Announcements let you share product news — release notes, new features, upcoming maintenance, events — right inside your app. Published announcements appear as a feed in the Resource Center: newest first, grouped by date, each entry showing a short summary with an optional “Read more” detail page. Unlike a banner (which takes over part of the page) or a flow (which walks users through steps), announcements live in one persistent, low-pressure place users can browse on their own time. And when something deserves more attention, you decide how loudly each announcement speaks up: silently in the feed, with an unread badge, or as a one-time pop-up.

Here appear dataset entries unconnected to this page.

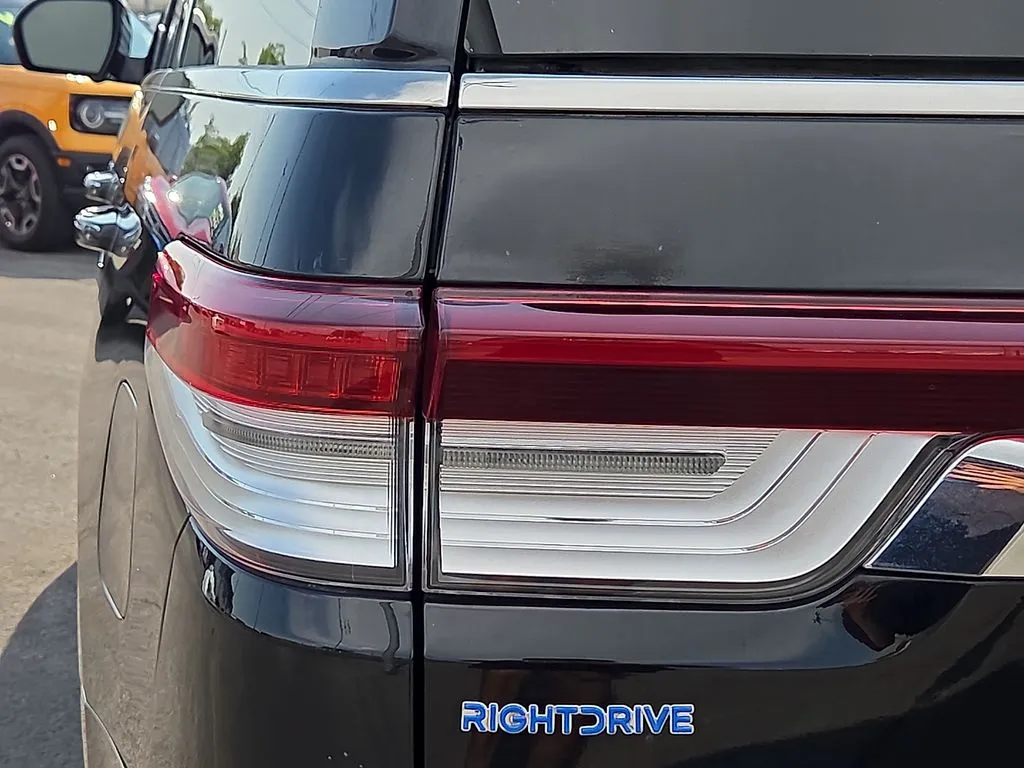 Lincoln Navigator photo 10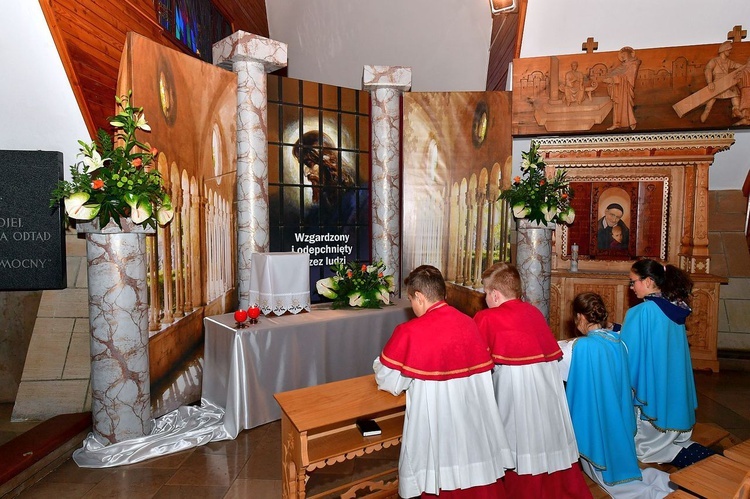 Groby Pańskie w zakopiańskich świątyniach 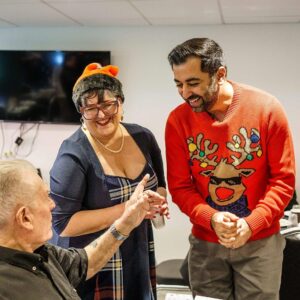 Humza Yousaf Instagram - A real joy to join 🍊 @dundeeunitedct ⚽️ at Tannadice to help out at their Festive Friends lunch.

Christmas is a special time of the year, but for some it can be more difficult.

To all those in communities across Scotland looking out for others this Christmas, thank you 🙏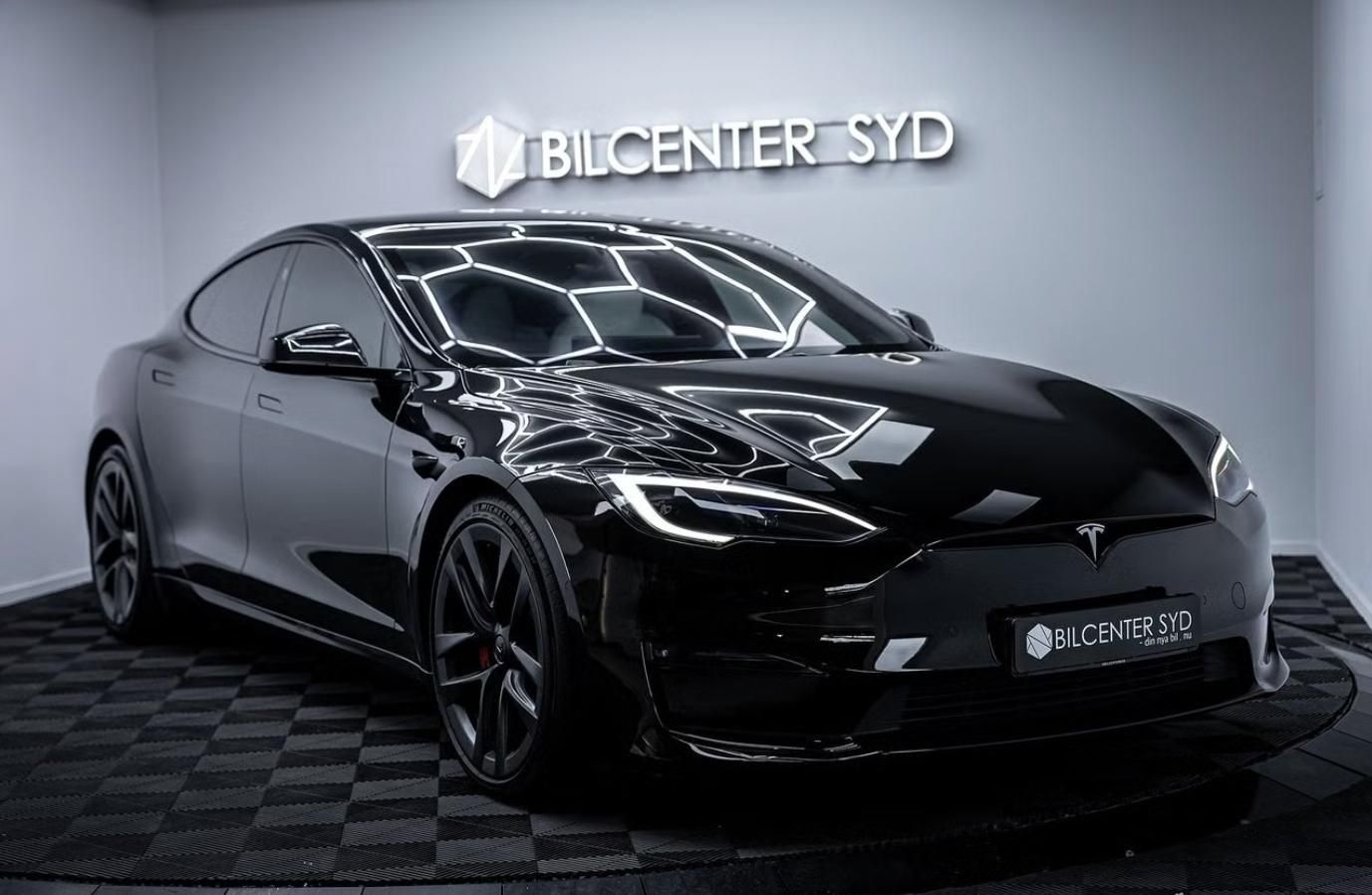 Tesla Model S, Plaid AWD Tažné Yoke Panorama - fotka 5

Before you start: add the Announcements block to your Resource Center

Announcements are displayed through the Resource Center, so you need one published Resource Center with an Announcements block:
  1. Open your Resource Center in the builder
  2. On the tab where you want the feed, click Add block and pick Announcements
  3. Save and publish the Resource Center
The block shows your published announcement list — the announcements themselves are managed on the Announcements page, not in the Resource Center builder. Each Resource Center can contain one Announcements block, and the block row on the Resource Center home shows the user’s unread count. Here’s the block as your users see it — the Announcements row on the Resource Center home, carrying their unread count:
Make sure Usertour.js is installed in your app and the Resource Center is published. Without both, announcements have nowhere to appear.

Creating an announcement

  1. Click Announcements in the left sidebar
  2. Click New announcement, enter a name, and confirm
  3. The announcement detail page opens with content on one side and settings on the other

Writing the content

An announcement has two layers: what users see in the feed, and an optional full article behind it.
  • Title — displayed in the feed and on the detail page
  • Summary — the brief content shown in the feed row (and in the pop-up, if you use one). Keep it to a couple of sentences
  • Read more — enable this to give the announcement a detail page users can open from the feed. You can change the button’s label (default: “Read more”)
  • Details — the full article shown on the detail page
Both the summary and details support rich content — text, images, embeds, and buttons — and you can personalize copy with user attributes. Buttons can start a flow, navigate to a page, or evaluate JavaScript, so an announcement can hand users straight into a tour of the feature it introduces.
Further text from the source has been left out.